Currently, Republicans hold about two-thirds of state legislative seats in a state that is evenly divided between the two parties (Wisconsin has a Democratic and Republican U.S. senator, and its governor, Tony Evers, is a Democrat). The new map will also have implications for the next round of redistricting for state legislative and congressional seats after the 2030 Census.

“If you look at the population, look at statewide races, it’s pretty evenly split,” says Jonathan Miller, chief program officer for the Public Rights Project, which filed an amicus brief in the case. “To have a supermajority in one party of the legislature is indicative of an incredibly skewed map.”

In North Carolina, a state Supreme Court controlled by Democratic jurists ruled in 2022 that the GOP-controlled state legislature could not draw state legislative and congressional lines with partisan gerrymandering.

Then, Republicans flipped seats on the high court, gaining a majority. That court reversed itself in April of this year, allowing the partisan gerrymander to go forward. That is expected to net Republicans three more seats in the House, unless a new lawsuit (based on accusations of Voting Rights Act violations) succeeds and forces the drawing of yet another map.

The Voting Rights Act cases involving Alabama and Louisiana – where courts have ordered a new district be drawn to ensure Black voting power – are likely to result in single-seat pickups for Democrats in each state.

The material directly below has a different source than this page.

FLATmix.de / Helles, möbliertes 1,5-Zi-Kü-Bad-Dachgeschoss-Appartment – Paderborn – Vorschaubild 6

In Georgia, Republican state lawmakers were ordered to draw a new district but, in doing so, eliminated another seat now held by Democratic Rep. Lucy McBath. A federal judge on Thursday upheld that map, meaning Republicans most likely will retain their advantage in the congressional delegation despite having lost the Voting Rights Act challenge.

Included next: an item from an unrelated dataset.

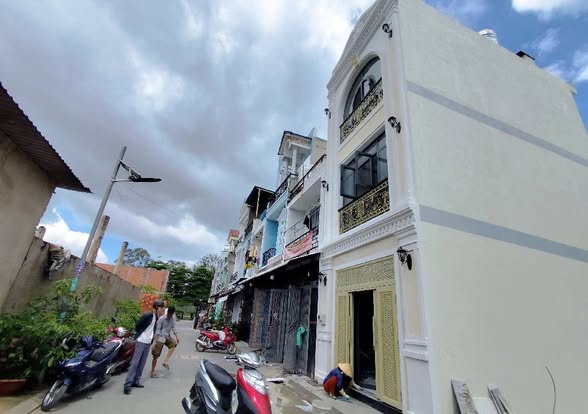 BÌNH TÂN – TỈNH LỘ 10 – HẺM 6M – NHÀ MỚI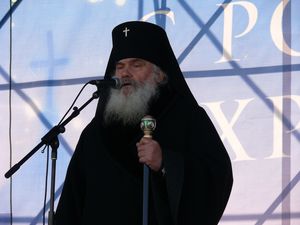 фото. Владивосток. Архиепископ Вениамин поздравляет горожан с Рождеством Христовым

The U.S. Supreme Court is expected to rule soon on a case out of South Carolina, where Republicans state lawmakers said their GOP-friendly district lines were driven not by race but by politics. The Supreme Court has ruled that it is up to states to decide whether or not to ban partisan gerrymandering, but plaintiffs suing in South Carolina say the lines violate the Voting Rights Act.

A win there could give Democrats a chance for a pickup of a single seat. In Florida, Democrats and Republicans are fighting in the courts over whether the congressional district lines (which remained in place for the 2022 election and resulted in the loss of a Democratic congressman) violate the state constitution’s protections for minority voters.

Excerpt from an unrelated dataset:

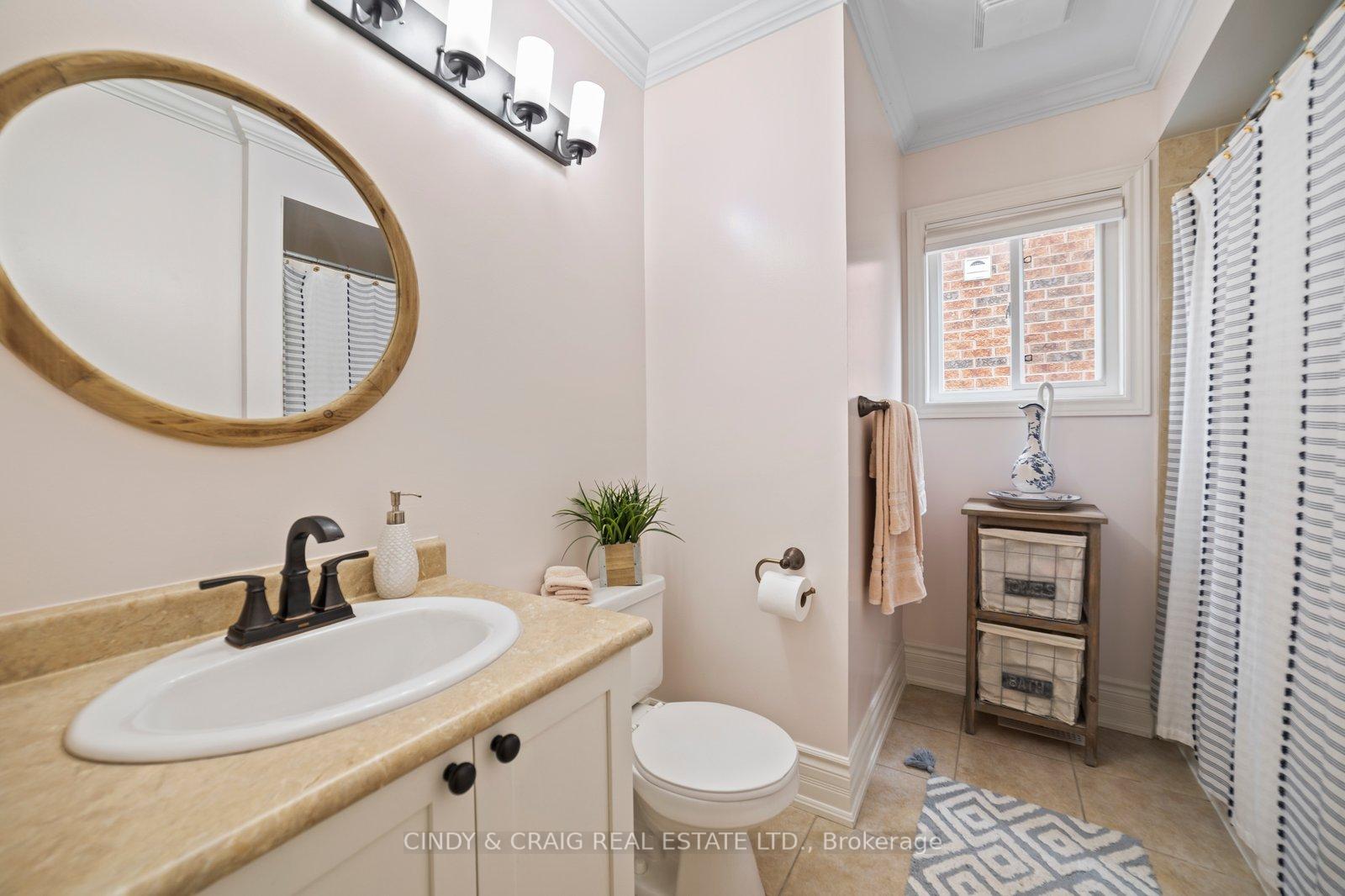 Photo 19 of 53 Mikayla Crescent, Whitby, Brooklin — HOMEH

Certain Southern states once had to undergo “pre-clearance” of their redistricting maps, getting advance court approval to assure the lines were not disenfranchising minority voters. But in 2013, the Supreme Court took away the pre-clearance requirement, meaning litigants have to wait for the district lines to be drawn and then challenge them.

“It has created the same kind of cat-and-mouse game, where legislators claim they’re complying, but not really,” says Kareem Crayton, a redistricting expert with the Brennan Center for Justice.

“It’s frustrating to the plaintiffs, but it’s also frustrating to elections,” Crayton adds. “Every day a map isn’t drawn is a day when voters are subjected to having less representation than the law would demand.”